CS 481: Assignment #4

First problem: Problem 14 in Chapter 10 (p. 427 of the text).

Second problem: Buddy allocation systems work on a very general principle -- they are not limited to powers of two. The fundamental idea is a recurrence relation: if you cannot find a block of the appropriate size, you grab a larger block, then cut it into smaller pieces and recursively attempt to allocate from one of the smaller pieces. The binary buddy system takes a piece and cuts it into two equal subpieces; a ternary buddy could cut the large piece into three equal subpieces and thus would have sizes that would grow as powers of 3. More complex buddy systems in common use cut a large piece into unequal pieces; the most common is the Fibonacci buddy system: given a block on ``shelf'' $n$, it cuts it into two blocks, one for shelf $n-1$ and one for shelf $n-2$. The result is that its pieces have sizes that are powers of the golden ratio (approximately 1.62); the Fibonacci buddy system thus offers a larger selection of sizes than the binary buddy system.

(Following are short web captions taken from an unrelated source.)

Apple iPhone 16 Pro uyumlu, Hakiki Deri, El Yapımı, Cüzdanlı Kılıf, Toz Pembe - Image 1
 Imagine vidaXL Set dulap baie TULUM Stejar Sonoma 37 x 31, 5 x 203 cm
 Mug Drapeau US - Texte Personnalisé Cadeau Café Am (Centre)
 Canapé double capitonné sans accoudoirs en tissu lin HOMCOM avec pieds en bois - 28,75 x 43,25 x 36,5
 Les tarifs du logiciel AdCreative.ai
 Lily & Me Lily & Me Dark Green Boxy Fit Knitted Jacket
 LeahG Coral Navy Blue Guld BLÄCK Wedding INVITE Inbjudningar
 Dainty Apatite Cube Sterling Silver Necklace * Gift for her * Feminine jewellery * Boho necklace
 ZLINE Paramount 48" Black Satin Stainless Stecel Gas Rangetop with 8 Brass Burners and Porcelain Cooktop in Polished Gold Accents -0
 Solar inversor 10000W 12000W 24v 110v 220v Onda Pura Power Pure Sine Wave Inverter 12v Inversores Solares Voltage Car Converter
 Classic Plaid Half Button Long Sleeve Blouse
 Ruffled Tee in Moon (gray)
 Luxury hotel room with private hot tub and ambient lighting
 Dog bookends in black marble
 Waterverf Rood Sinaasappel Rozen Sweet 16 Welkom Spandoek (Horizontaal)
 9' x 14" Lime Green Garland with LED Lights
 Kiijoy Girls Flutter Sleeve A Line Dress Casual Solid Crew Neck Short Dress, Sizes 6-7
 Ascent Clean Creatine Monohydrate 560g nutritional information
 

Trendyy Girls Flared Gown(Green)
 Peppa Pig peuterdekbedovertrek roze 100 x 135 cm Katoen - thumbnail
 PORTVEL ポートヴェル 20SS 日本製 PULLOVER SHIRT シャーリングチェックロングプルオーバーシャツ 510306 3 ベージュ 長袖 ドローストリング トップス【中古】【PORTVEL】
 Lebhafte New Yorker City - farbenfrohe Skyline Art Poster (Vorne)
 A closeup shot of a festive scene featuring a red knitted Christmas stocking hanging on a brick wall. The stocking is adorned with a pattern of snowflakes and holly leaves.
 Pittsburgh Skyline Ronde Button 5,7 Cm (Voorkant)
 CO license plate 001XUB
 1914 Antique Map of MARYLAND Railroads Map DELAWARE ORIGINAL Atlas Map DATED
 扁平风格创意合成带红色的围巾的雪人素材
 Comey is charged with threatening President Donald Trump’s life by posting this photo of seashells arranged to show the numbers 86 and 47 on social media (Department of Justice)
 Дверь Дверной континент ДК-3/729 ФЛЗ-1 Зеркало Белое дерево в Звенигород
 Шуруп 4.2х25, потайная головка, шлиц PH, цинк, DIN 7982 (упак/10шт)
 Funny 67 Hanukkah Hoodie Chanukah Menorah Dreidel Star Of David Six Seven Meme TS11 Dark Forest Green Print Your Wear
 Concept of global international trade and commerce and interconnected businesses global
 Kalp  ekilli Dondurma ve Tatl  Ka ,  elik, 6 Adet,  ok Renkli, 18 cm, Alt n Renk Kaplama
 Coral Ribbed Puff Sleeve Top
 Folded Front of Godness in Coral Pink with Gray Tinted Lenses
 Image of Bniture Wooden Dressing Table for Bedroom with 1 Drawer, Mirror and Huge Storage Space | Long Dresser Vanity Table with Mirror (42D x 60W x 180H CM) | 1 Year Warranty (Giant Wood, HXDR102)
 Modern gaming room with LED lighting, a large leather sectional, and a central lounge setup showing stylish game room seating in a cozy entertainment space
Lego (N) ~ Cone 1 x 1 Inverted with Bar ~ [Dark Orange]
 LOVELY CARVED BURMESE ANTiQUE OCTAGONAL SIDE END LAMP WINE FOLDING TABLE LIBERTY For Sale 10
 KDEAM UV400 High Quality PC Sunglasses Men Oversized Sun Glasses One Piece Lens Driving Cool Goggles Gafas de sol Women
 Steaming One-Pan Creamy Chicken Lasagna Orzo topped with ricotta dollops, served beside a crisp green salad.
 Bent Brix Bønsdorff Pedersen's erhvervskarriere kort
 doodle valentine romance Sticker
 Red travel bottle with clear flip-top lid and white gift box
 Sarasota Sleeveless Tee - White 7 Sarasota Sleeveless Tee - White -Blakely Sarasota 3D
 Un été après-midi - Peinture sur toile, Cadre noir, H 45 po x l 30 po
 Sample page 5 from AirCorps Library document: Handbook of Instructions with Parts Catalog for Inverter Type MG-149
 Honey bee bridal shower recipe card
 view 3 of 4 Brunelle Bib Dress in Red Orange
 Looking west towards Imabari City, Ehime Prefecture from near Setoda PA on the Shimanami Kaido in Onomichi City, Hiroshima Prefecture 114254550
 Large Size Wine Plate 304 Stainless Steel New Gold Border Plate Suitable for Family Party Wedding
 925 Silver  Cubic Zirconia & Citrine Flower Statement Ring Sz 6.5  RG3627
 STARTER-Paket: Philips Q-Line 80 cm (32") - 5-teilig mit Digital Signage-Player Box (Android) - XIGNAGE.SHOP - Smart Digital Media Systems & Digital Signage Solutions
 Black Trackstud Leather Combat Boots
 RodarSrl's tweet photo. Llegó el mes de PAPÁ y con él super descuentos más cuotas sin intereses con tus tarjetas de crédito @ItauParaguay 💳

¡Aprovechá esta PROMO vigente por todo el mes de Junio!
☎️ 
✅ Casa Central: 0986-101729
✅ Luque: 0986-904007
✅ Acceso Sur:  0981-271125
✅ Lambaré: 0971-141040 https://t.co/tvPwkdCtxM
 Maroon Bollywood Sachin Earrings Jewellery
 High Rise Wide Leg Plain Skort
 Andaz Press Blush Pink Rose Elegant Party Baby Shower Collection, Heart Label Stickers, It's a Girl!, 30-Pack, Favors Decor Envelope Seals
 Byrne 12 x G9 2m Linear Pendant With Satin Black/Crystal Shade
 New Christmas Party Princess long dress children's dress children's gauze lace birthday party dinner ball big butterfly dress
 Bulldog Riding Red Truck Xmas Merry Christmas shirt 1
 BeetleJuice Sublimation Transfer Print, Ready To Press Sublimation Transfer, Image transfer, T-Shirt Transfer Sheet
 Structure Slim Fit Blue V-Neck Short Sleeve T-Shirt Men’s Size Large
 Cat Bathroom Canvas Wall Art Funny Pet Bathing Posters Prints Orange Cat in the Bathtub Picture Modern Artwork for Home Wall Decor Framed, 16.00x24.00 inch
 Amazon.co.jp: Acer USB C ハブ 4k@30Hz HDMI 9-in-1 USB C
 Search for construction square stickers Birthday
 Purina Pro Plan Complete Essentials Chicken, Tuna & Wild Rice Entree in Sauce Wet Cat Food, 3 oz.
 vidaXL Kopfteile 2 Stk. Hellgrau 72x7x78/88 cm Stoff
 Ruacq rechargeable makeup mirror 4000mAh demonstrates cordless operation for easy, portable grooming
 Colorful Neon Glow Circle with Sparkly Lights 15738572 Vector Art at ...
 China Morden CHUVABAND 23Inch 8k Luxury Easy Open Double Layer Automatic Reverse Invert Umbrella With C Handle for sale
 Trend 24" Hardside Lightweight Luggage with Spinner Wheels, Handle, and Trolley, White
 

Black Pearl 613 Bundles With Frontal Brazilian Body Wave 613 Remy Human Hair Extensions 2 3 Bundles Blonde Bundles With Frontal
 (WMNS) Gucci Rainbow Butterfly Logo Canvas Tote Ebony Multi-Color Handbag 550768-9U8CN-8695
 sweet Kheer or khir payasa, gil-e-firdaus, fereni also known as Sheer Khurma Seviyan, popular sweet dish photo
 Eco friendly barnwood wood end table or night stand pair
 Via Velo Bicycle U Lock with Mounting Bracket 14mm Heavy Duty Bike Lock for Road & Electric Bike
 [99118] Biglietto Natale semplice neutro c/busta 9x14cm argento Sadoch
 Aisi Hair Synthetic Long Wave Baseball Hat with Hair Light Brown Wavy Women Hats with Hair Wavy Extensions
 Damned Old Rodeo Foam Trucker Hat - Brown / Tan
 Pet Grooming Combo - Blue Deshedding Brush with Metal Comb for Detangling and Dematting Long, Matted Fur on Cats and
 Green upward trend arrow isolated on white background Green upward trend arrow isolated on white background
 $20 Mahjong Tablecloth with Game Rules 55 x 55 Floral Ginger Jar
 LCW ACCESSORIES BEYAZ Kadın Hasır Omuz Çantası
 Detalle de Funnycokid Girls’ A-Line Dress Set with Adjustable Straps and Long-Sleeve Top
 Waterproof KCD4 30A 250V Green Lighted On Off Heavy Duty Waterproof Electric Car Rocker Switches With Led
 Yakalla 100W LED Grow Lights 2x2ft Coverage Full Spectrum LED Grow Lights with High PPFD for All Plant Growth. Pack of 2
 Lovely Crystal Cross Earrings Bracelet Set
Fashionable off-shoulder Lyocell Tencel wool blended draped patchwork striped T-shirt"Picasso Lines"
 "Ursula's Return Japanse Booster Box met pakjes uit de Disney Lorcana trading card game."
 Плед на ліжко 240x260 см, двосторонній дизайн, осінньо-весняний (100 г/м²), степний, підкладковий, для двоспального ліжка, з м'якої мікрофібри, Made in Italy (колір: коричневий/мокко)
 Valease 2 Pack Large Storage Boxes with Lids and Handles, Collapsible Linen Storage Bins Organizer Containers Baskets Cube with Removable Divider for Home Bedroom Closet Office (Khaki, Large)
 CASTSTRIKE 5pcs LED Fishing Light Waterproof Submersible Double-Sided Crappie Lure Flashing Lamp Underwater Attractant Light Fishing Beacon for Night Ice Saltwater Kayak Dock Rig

For a buddy system that cuts a piece into two (not necessarily equal) pieces, the general recurrence describing block sizes is $f(n)=f(n-1)+f(n-k)$, where $k$ is a strictly positive integer.

Why is the first term always $f(n-1)$?

The larger $k$ is, the more pronounced the difference in sizes between the two pieces; why is $k=2$ a common choice, yet larger values are never used?

Discuss how you would implement the Fibonacci buddy system ($k=2$); the main point is how you would decide which blocks to merge when they are freed.